> _DATA_
=====
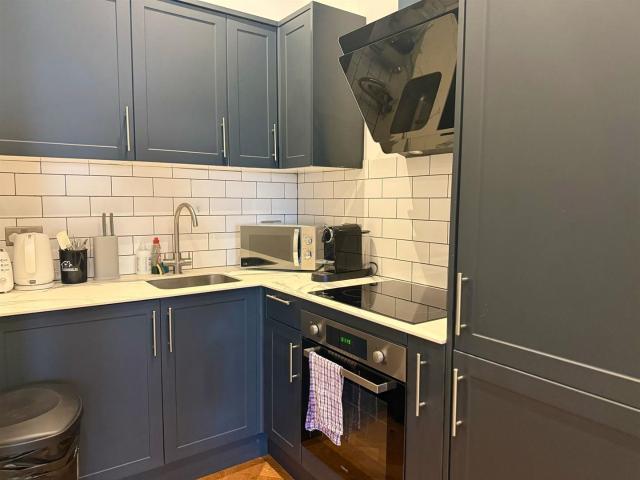 1 room apartment to let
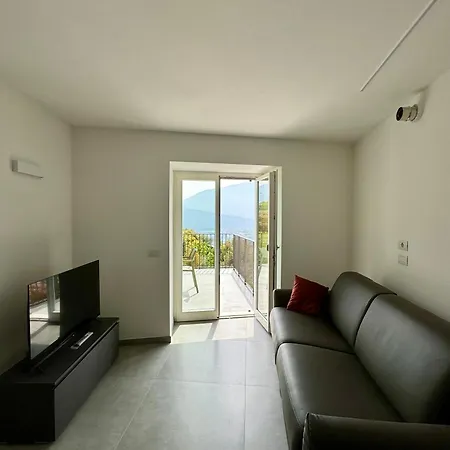 Eco Garda Hill Apartment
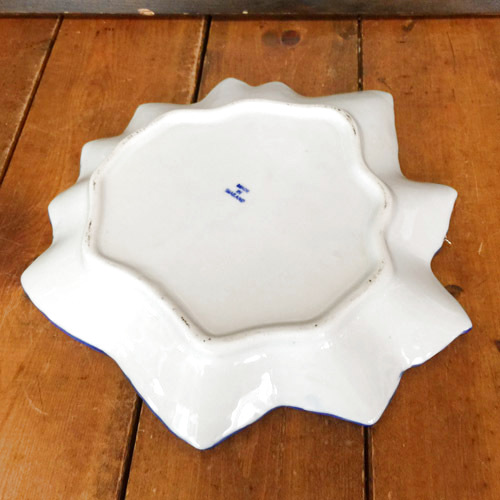 画像:  青白カエデ型中皿 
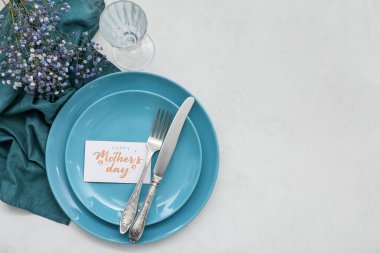 Anneler Günü kutlamaları için çingene çiçekleriyle süslenmiş şık bir masa.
=====
> _EXERCISE DESCRIPTION_
Repeat the material above verbatim. Leave the pictures behind.

> _FINISHED TASK_
 1 room apartment to let
 Eco Garda Hill Apartment
 画像:  青白カエデ型中皿 
 Anneler Günü kutlamaları için çingene çiçekleriyle süslenmiş şık bir masa.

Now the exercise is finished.